When I tell people about this, they’re often freaked out. One writer told me she didn’t need any more stress when it came to her writing, but the thing is, for me, there is no stress. I virtually never lose a word, because there is plenty of warning before this happens. So I don’t perceive any consequence, just a reminder of what I wanted to do with this time. The possibility of losing words is just there to keep me from ignoring the warning and checking twitter just one more time–to give the reminder some teeth–but it’s not like I live in fear of losing my precious prose. I just write for the half hour I typically set aside and then take a short break afterword, lather, rinse, repeat.
A couple weeks ago, when Written?Kitten was making the rounds, I saw a lot of people comparing it to Write or Die–heck, I did it myself, suggesting it was the “positive reinforcement” version. While I think Written?Kitten is really cute, though, it wouldn’t work for me, because it doesn’t do what Write or Die does for me–it doesn’t redirect me if I go off task. I could stop writing and stare out the window and, okay, I’d get no cute pictures, but there’d be no consequence either. I seem to benefit more from the negative reinforcement than from positive reinforcement.
A few weeks ago I was browsing the blog at Write Or Die when I ran across a post asking people about their preferences between the free online app and the $10 downloadable app. Because I have paid for and downloaded the app but still prefer the web application when I have internet, I was intrigued by the topic. In addition to posting my own thoughts and my reasons for preferring the web app, I read through all fifty million comments everybody else had posted. (Dang I wish Dr. Wicked would send a few commenters to my lonely blog.) It was a fascinating look into other people’s thought processes.
(For instance, a lot of people posted that they couldn’t justify shelling out $10 for a product they only use one month a year. It was eye-opening to see how many NaNoWriMo participants don’t aspire to beinig authors year-round, but just for thirty days out of every 365.)
A lot of people said they didn’t buy the app because they were students with no spending money, or because they can’t use paypal, or things along those lines.
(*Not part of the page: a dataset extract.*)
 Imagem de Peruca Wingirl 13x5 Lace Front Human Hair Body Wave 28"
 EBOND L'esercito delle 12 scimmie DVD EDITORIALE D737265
Fair enough. Some people thought ten dollars was simply more than the product was worth. Again, fair enough.
One thing I saw over and over, though, was the argument that there was no sense in buying the downloadable app when the online one was already free. I couldn’t help but wonder if those commenters thought the free app was paid for by their taxes or something. Advertising? (I see no advertising on the blog.) I couldn’t help wondering what conclusions, if any, I could draw about the file-sharing arguments I often see online from this unscientific sampling I saw in this one comment thread.
I do have other unscientific samples that seem to indicate that an enormous majority of people feel no need to pay for crowd-supported products when they’re available for free, even if they benefit from them extensively. Every year during Wikipedia’s donation campaign, they note that it would only take a small donation from just a fraction of their readers to end reach their annual goal. Similarly, Duotrope.com, another crowd-funded site I use, notes on their donation page that if each user donated $6.01, they would meet their goal for this year. Instead, only 18% of their registered users donate a median of $10 each.
Crowd-funded products aren’t free because they aren’t worth paying for or because their creators don’t need the money. They’re free because they’re predicated on a different consumer model: one where you as the end-user get to determine if the product really measured up, and if it was valuable, and then pay for the value you received, instead of one where you are forced to pay for something up front and hope you get your money’s worth. It’s like a show at a Renn-Faire where they pass a hat around afterward. The performers still deserve to be compensated for entertaining you; they’re just letting you decide how much that entertainment was worth. (And as an added benefit, yeah, that means that people who don’t have a ton of money can still have access to their products. If you can’t pay for something now, maybe one day later you will, or maybe you’ll pay it forward to someone else, or maybe you’ll help generate good word of )
I sometimes download software from C|Net that I don’t pay anything for–because in the end I don’t get much or any use out of it. But for the websites and products that enrich my life, yeah, I kick in a few bucks. Products or sites I’ve contributed to include Something Positive, Questionable Content, XKCD, Wikipedia, Write or Die, and Duotrope. That’s not an exhaustive list, just what comes to mind right now.
So what about you? Assuming you can afford it, have you paid for the “free” stuff you enjoy?